● **WHAT YOU WILL DO**:
Set out exactly, and only, the lines running from the one containing "The lovely open-concept" to the bottom of the listing below; pictures stay out.

● **TASK INPUT**:
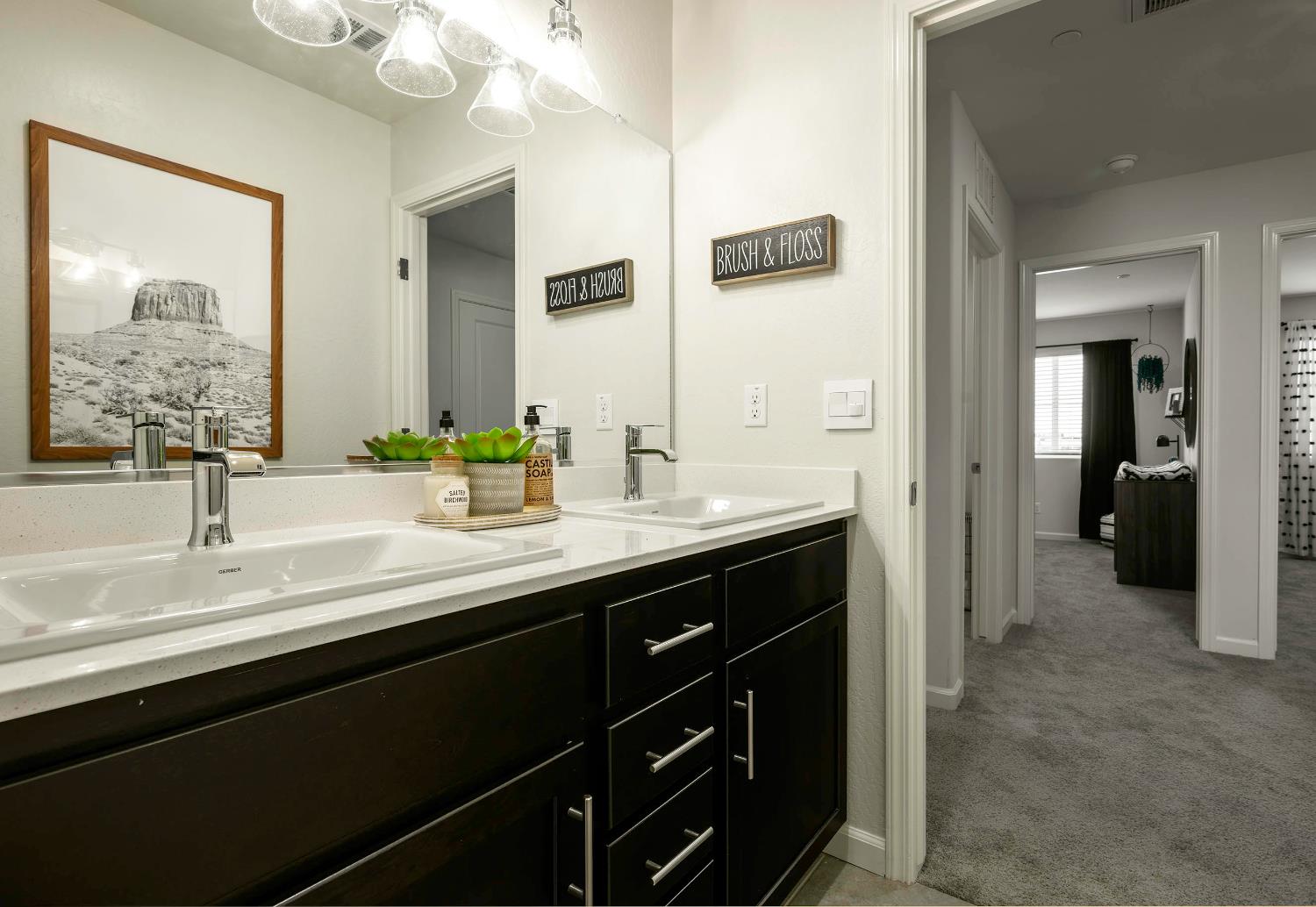 63 Blueberry Lane, Unit 5 Merced, CA 95341 - Photo 21 of 28 a bathroom with a double vanity sink and a mirror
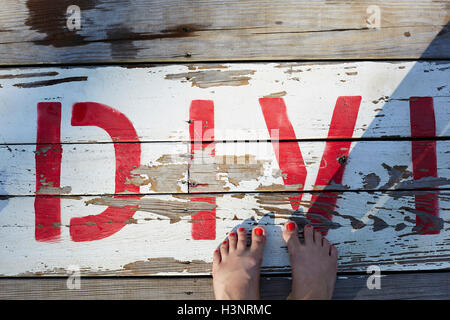 Woman's feet on wooden boards, overhead view Stock Photo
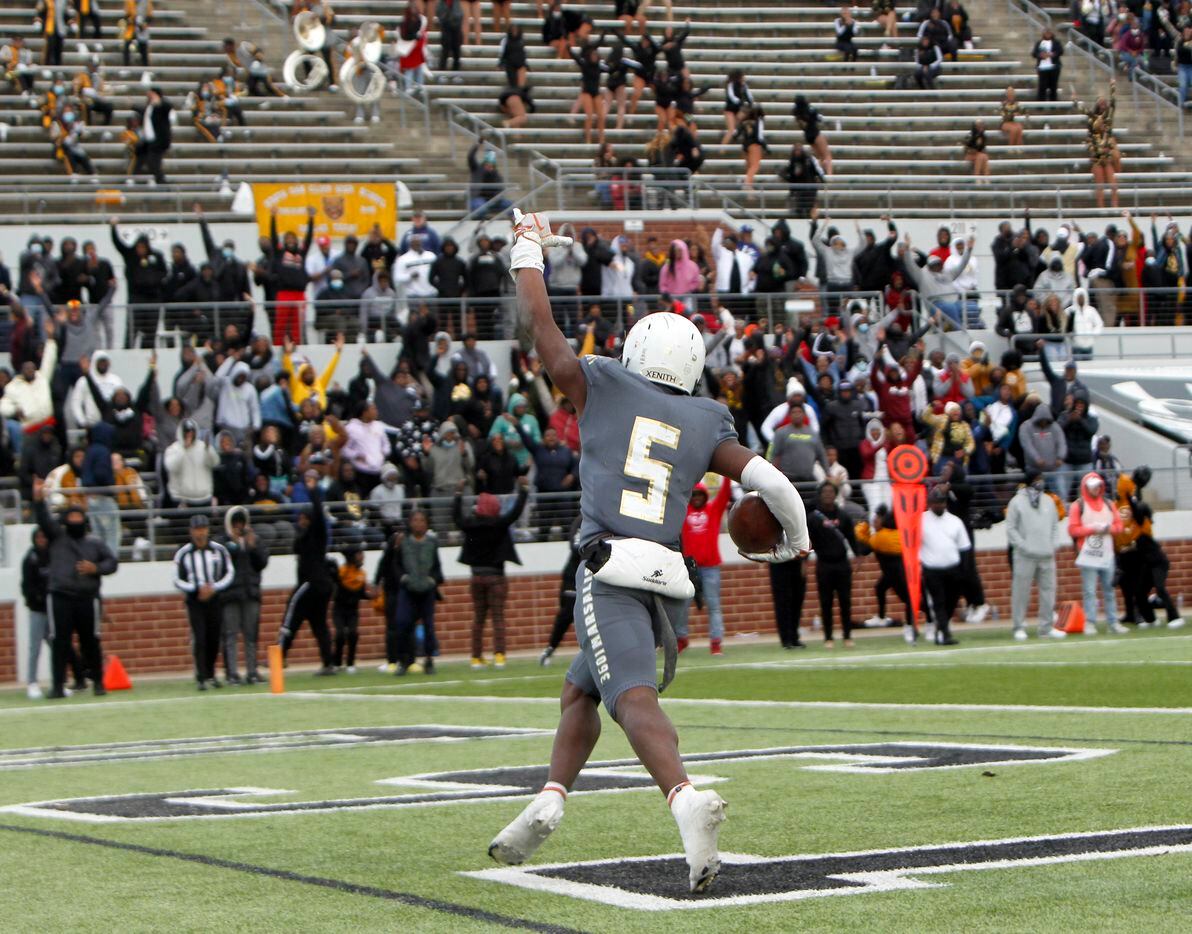 South Oak Cliff receiver Randy Reece (5) ignites Golden Bears fans after his receiving game winning touchdown during the 4th quarter of play against Aledo. South Oak Cliff won 33-28 to advance. The two teams played their Class 5A Division ll Region ll semifinal football game at Vernon Newsom Stadium in Mansfield on November 26, 2021. (Steve Hamm/ Special Contributor)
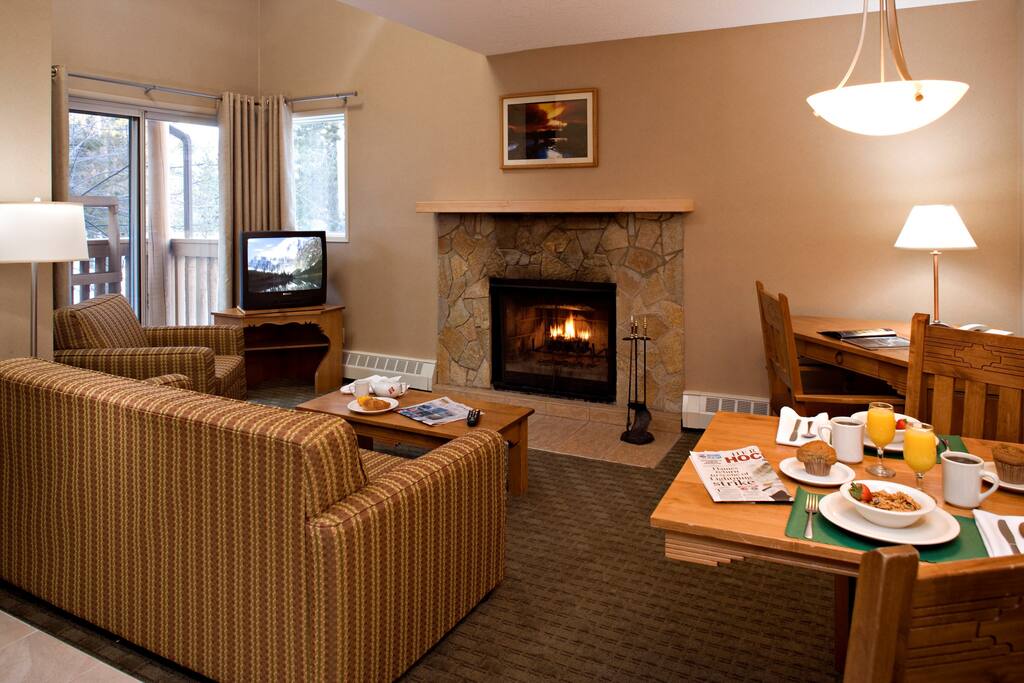 The lovely open-concept living area is rustic and cozy.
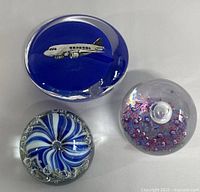 Top view of the 3 art glass paperweights showing airplane motif on blue glass, blue and white swirl with bubbles, and clear with purple/red floral design.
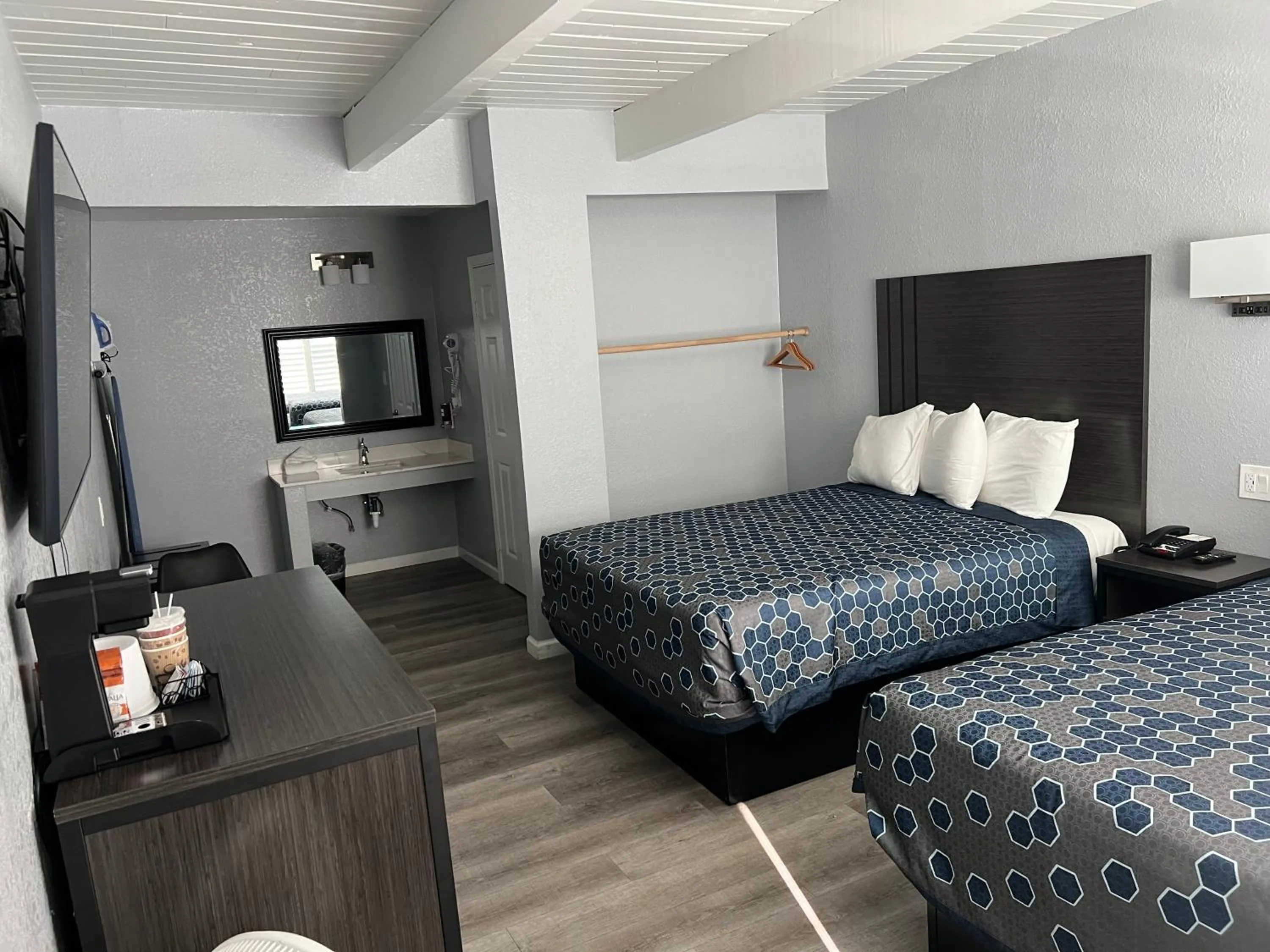 Bed in Sea Garden Inn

● **SOLUTION TO THIS PROBLEM**:
 The lovely open-concept living area is rustic and cozy.
 Top view of the 3 art glass paperweights showing airplane motif on blue glass, blue and white swirl with bubbles, and clear with purple/red floral design.
 Bed in Sea Garden Inn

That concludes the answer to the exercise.